WORK INSTRUCTIONS
Print only the lines below, from the very first to the one containing "484TAA District Of Columbia License Plate", exactly as they stand. Do not print pictures.

PROVIDED INFORMATION
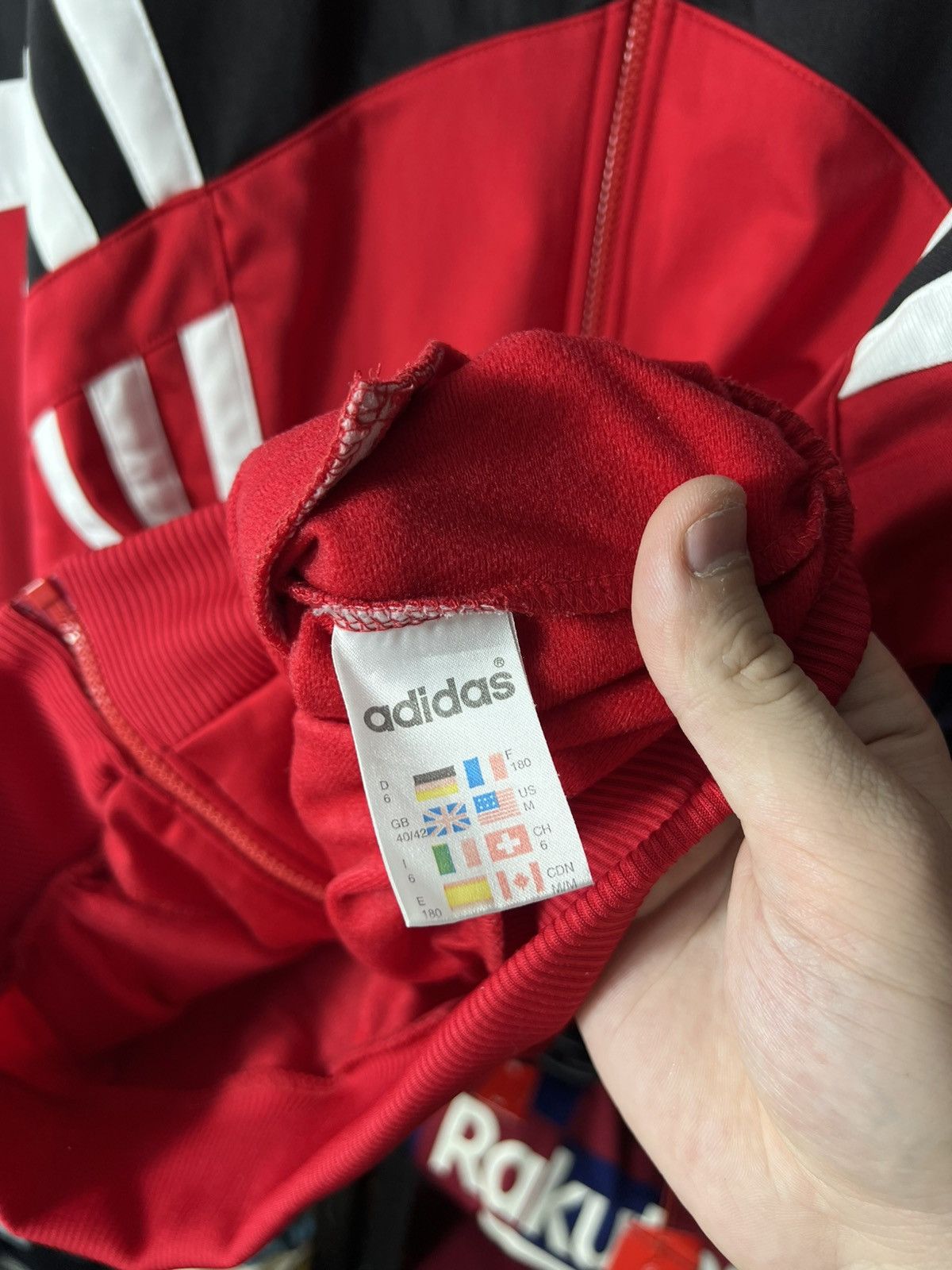 Adidas Vintage Adidas Track Jacket Red Black 90s Three Stripes Size US M / EU 48-50 / 2 - 10 Thumbnail
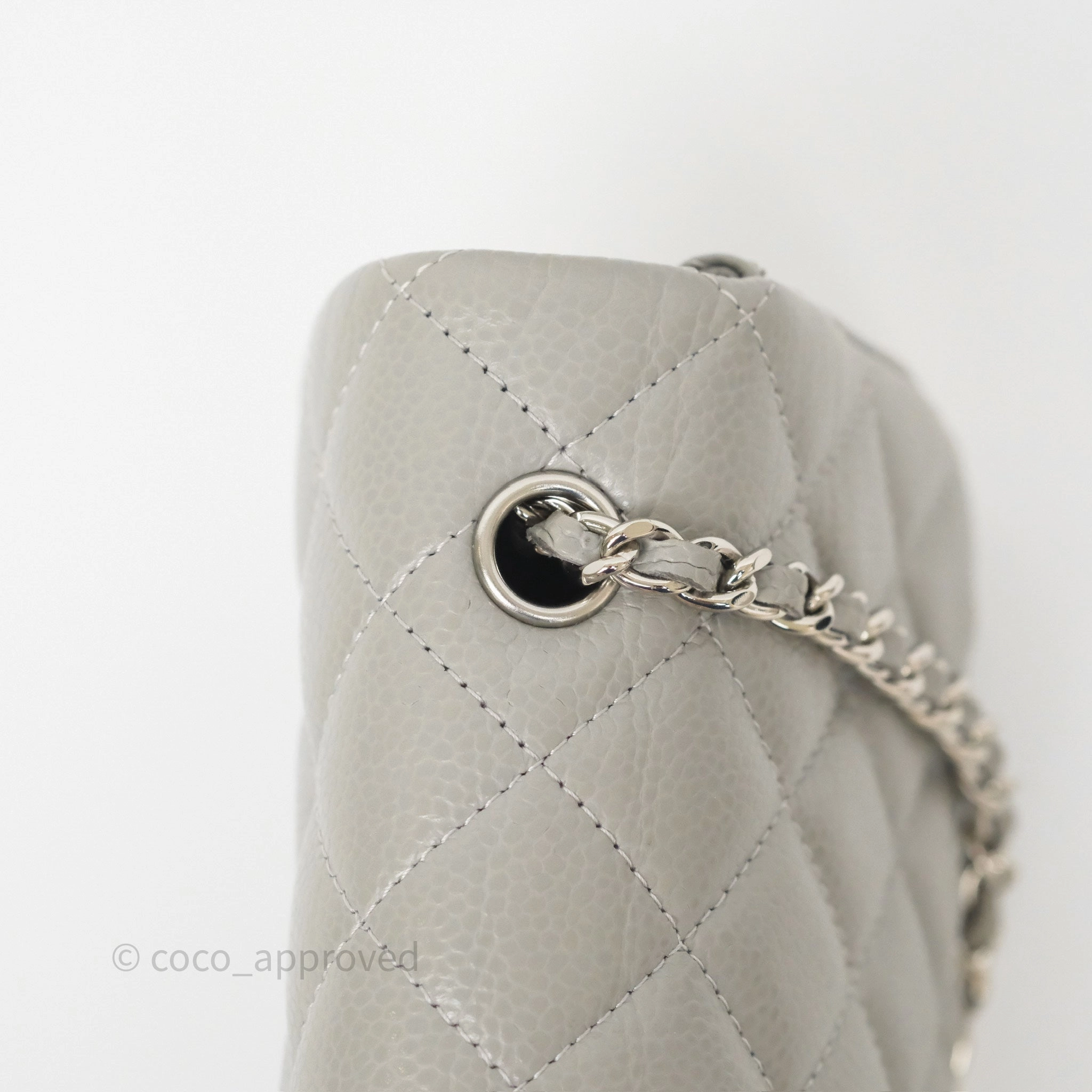 Chanel Extra Mini Rectangular Flap Quilted Light Grey Caviar Silver Hardware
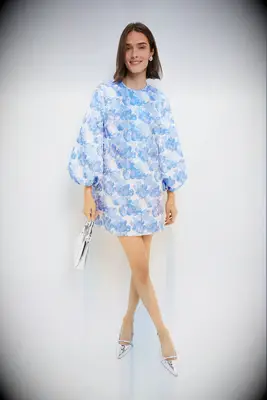 Hyacinth House pale blue floral bridal shower mini dress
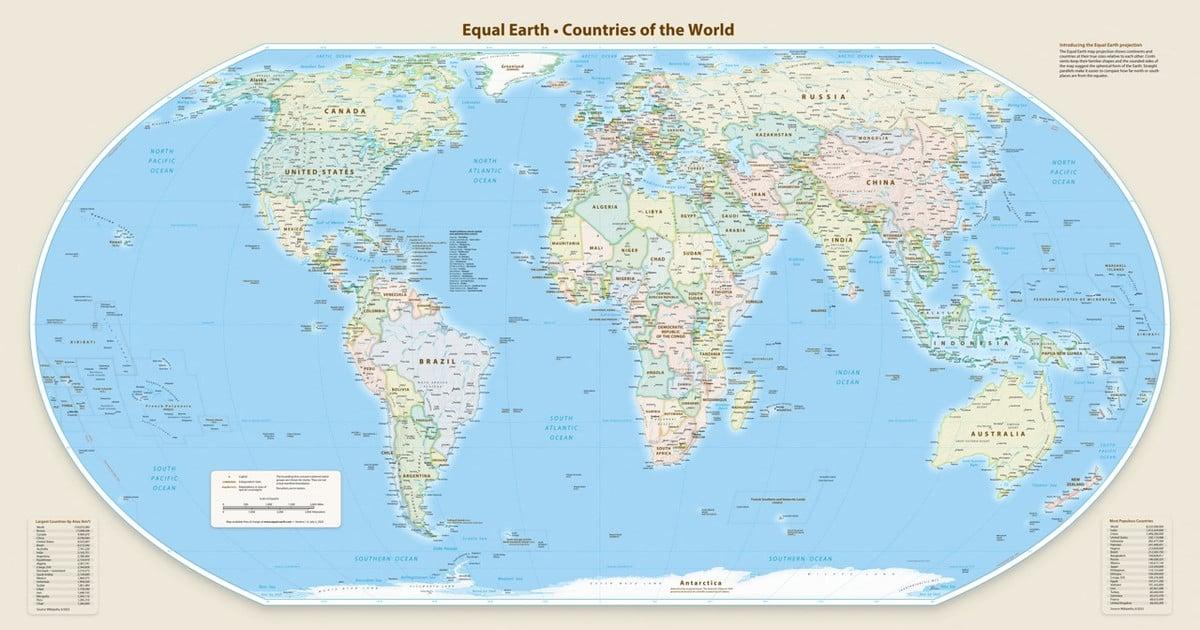 UN General Assembly Votes 164-1 To Replace Mercator Map With Equal Earth Projection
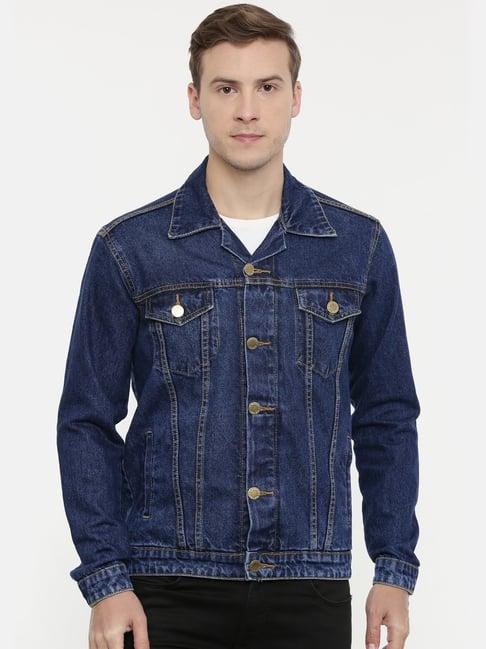 cinocci blue cotton slim fit denim jacket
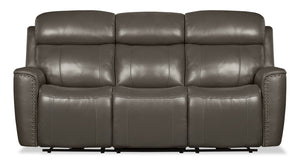 Quincy Genuine Leather Power Reclining Sofa - Grey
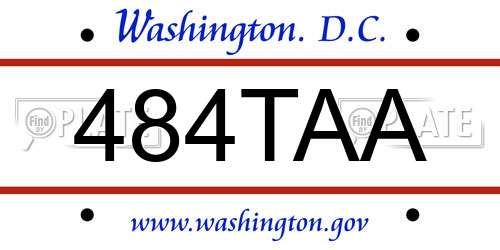 484TAA District Of Columbia License Plate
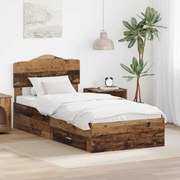 vidaXL Estrutura da Cama com cabeceira Madeira antiga 100 x 200 cm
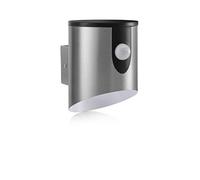 Auraglow Lámpara de Luz Inalámbrica LED de Pared IP44 con Batería de Acero Inoxidable, Sensor Infrarrojo (PIR), Sensor de Movimiento de Seguridad, con Aplique de Cilindro Blanco Frío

SOLUTION TO THIS TASK
 Adidas Vintage Adidas Track Jacket Red Black 90s Three Stripes Size US M / EU 48-50 / 2 - 10 Thumbnail
 Chanel Extra Mini Rectangular Flap Quilted Light Grey Caviar Silver Hardware
 Hyacinth House pale blue floral bridal shower mini dress
 UN General Assembly Votes 164-1 To Replace Mercator Map With Equal Earth Projection
 cinocci blue cotton slim fit denim jacket
 Quincy Genuine Leather Power Reclining Sofa - Grey
 484TAA District Of Columbia License Plate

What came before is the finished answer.